GOAL OF THE EXERCISE
Beginning with the line that holds "Cozy interior of" and ending with the last line below, please copy every line exactly, add nothing, and leave out the pictures.

COLLECTED DATA

>>>>

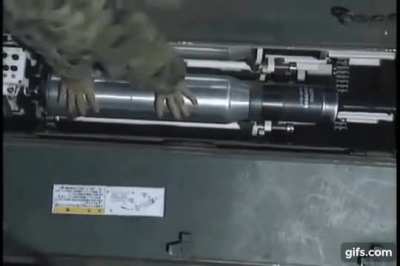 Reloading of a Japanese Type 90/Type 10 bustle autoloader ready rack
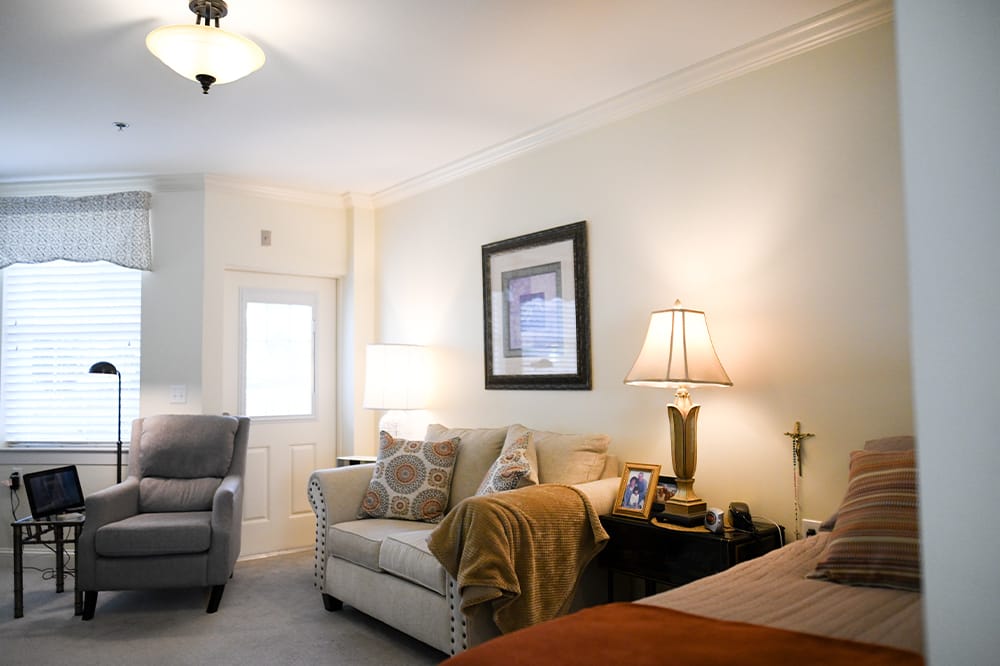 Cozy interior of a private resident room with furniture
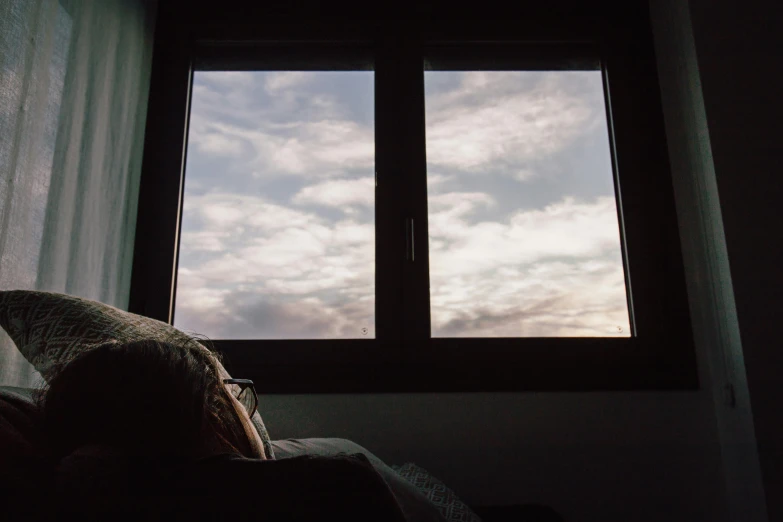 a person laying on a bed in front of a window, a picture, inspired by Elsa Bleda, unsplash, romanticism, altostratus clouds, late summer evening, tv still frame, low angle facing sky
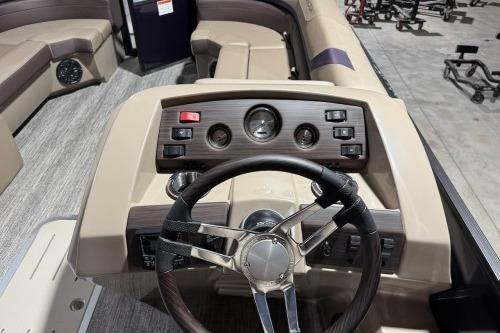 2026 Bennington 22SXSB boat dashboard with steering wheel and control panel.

<<<<

TASK OUTPUT
 Cozy interior of a private resident room with furniture
 a person laying on a bed in front of a window, a picture, inspired by Elsa Bleda, unsplash, romanticism, altostratus clouds, late summer evening, tv still frame, low angle facing sky
 2026 Bennington 22SXSB boat dashboard with steering wheel and control panel.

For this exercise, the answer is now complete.